ABOUT THIS TASK
Your task is to output the listing word for word, with pictures excluded.

GIVEN DATA
=====

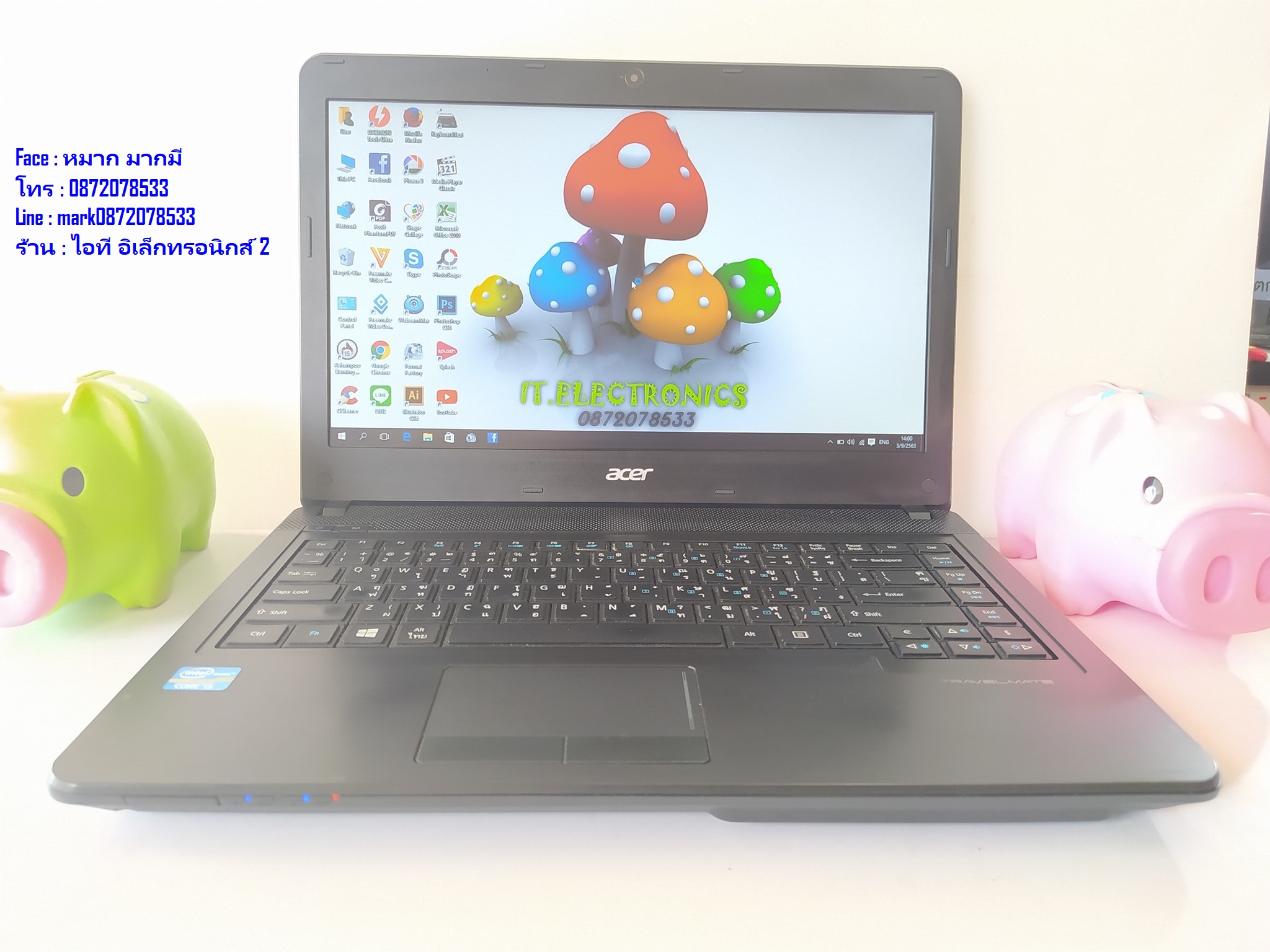Acer TravelMate P243 รูปที่ 3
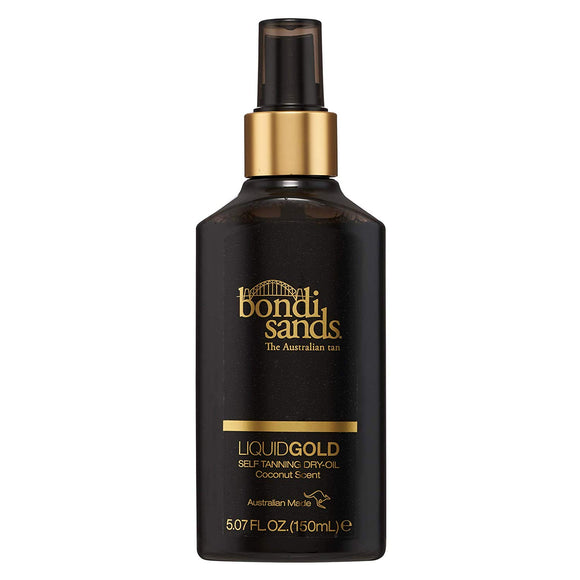 bondi sands liquid gold self tanning oil 150ml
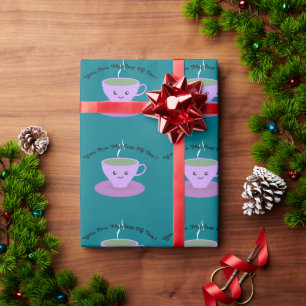 Cup of Tea Wrapping Paper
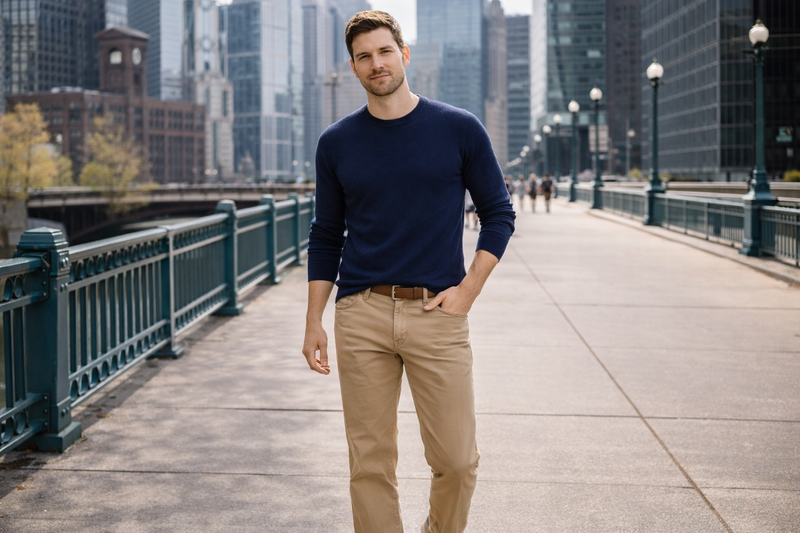 Charleston Khakis Pants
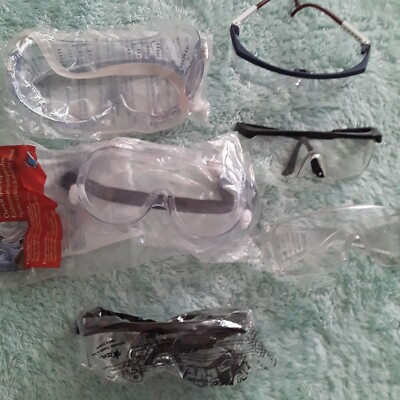 Bundle Safety Googles 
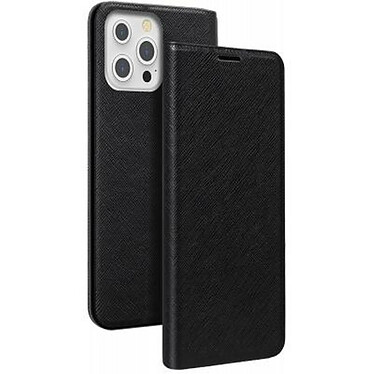 BigBen Connected Étui de Protection pour iPhone 13 Pro Max Folio Noir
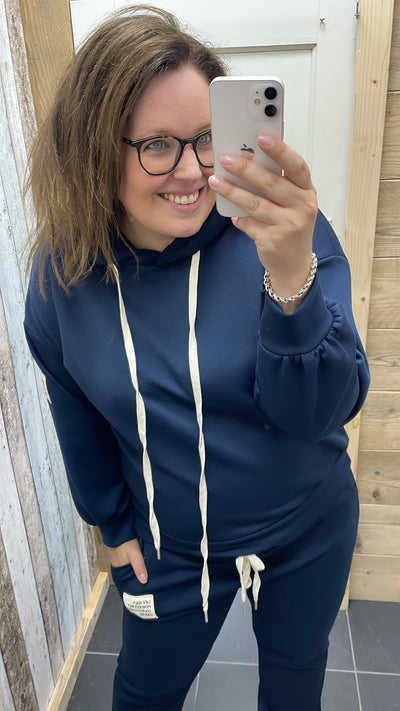 COMFY PAK CAPUCHON | NAVY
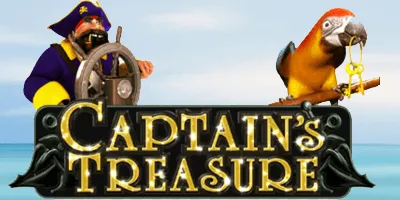 Playtech : Captains Treasure - RICHES138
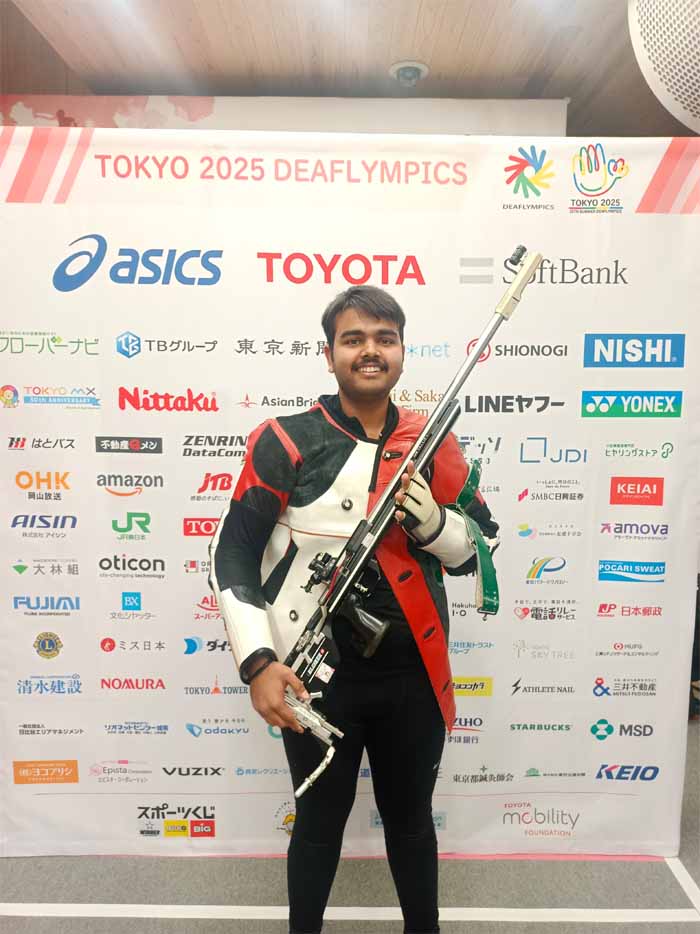 सटीक निशाना, अटूट धैर्य—कुशाग्र ने जीता अंतर्राष्ट्रीय सम्मान सटीक निशाना, अटूट धैर्य—कुशाग्र ने जीता अंतर्राष्ट्रीय सम्मान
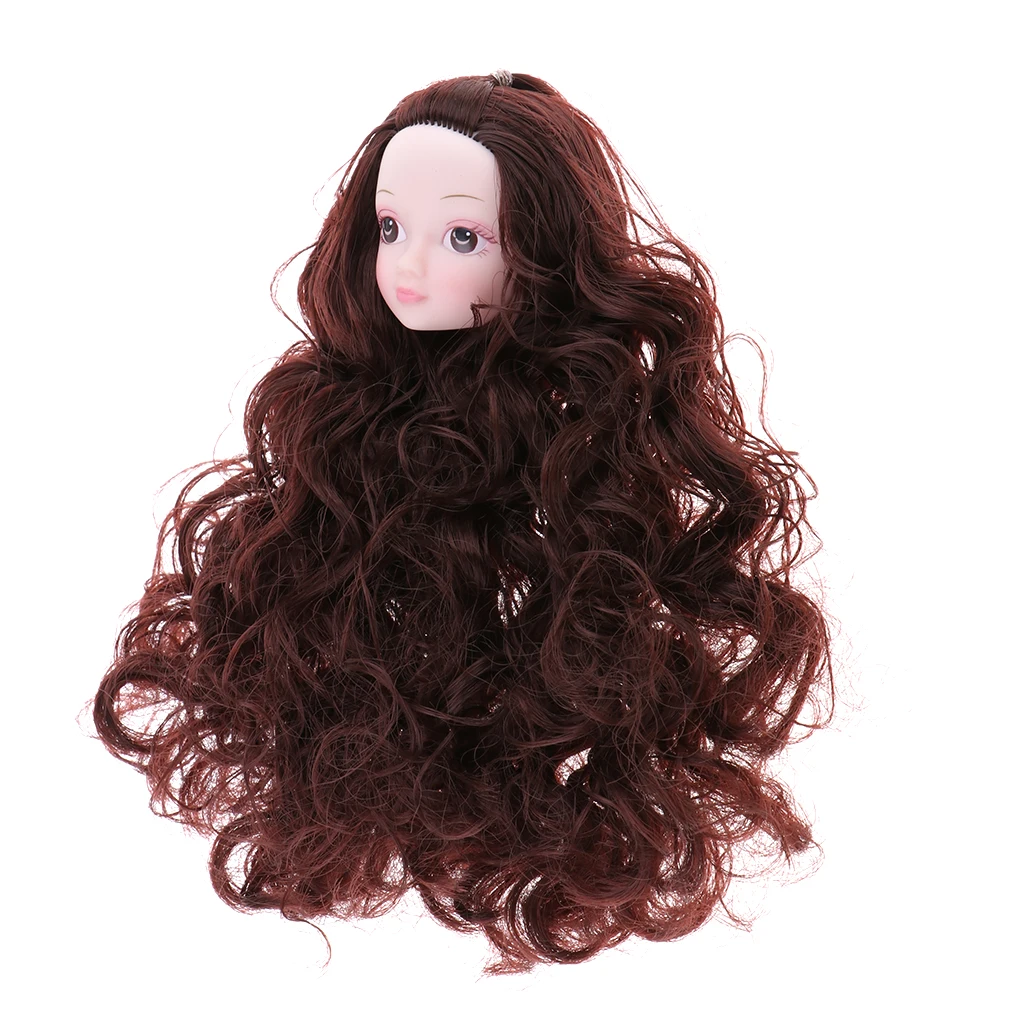 Пластиковая кукла женская красивая голова для самостоятельного изготовления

=====

EXERCISE RESULT
Acer TravelMate P243 รูปที่ 3
 bondi sands liquid gold self tanning oil 150ml
 Cup of Tea Wrapping Paper
 Charleston Khakis Pants
 Bundle Safety Googles 
 BigBen Connected Étui de Protection pour iPhone 13 Pro Max Folio Noir
 COMFY PAK CAPUCHON | NAVY
 Playtech : Captains Treasure - RICHES138
 सटीक निशाना, अटूट धैर्य—कुशाग्र ने जीता अंतर्राष्ट्रीय सम्मान सटीक निशाना, अटूट धैर्य—कुशाग्र ने जीता अंतर्राष्ट्रीय सम्मान
 Пластиковая кукла женская красивая голова для самостоятельного изготовления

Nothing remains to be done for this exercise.